- Right fielder
- Born: July 31, 1911 Atlanta, Georgia, U.S.
- Died: January 3, 1973 (aged 61) Sandersville, Georgia, U.S.
- Batted: LeftThrew: Left

Negro league baseball debut
- 1937, for the Atlanta Black Crackers

Last appearance
- 1941, for the Chicago American Giants

Career statistics
- Batting average: .324
- Hits: 90
- Home runs: 9
- Runs batted in: 64
- Stolen bases: 8

Teams
- Atlanta Black Crackers (1937–1938); Indianapolis ABCs (1939); Chicago American Giants (1940–1941);

Career highlights and awards
- All-Star (1940);

= Donald Reeves =

American baseball player (1911–1973)

Donald Ray Reeves (July 31, 1911 - January 3, 1973), nicknamed "Soup", was an American professional baseball right fielder in the Negro leagues.
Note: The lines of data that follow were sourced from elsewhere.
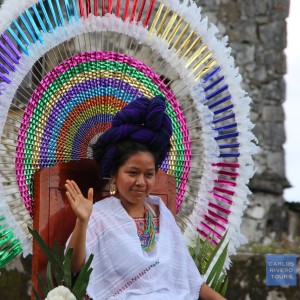 The Huipil Queen of Cuetzalan, radiant in her ceremonial attire, greets festival guests with grace and pride, embodying the spirit of the Huipil and Coffee Celebration.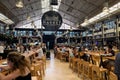 People eating at Timeout market in Mercado da Ribeira hall in Lisbon Royalty Free Stock Photo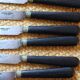A set of 8 knives with black wooden handles and bolsters.
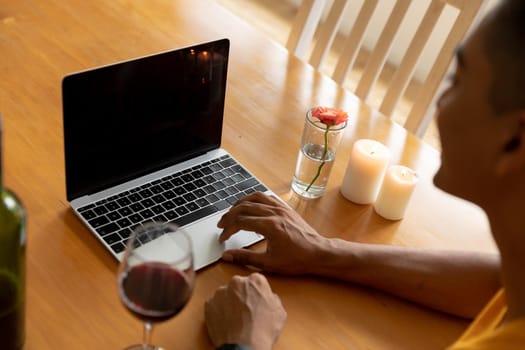Mixed race man sitting at table using laptop computer. staying at home in isolation during quarantine lockdown.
He played from 1937 to 1941 with the Atlanta Black Crackers, Indianapolis ABCs, and the Chicago American Giants. He was a graduate of Clark Atlanta University, then known as Clark College, where he played baseball, basketball, and football. He was selected to the 1940 East-West Game. After his baseball career, he became a teacher in Atlanta, Georgia.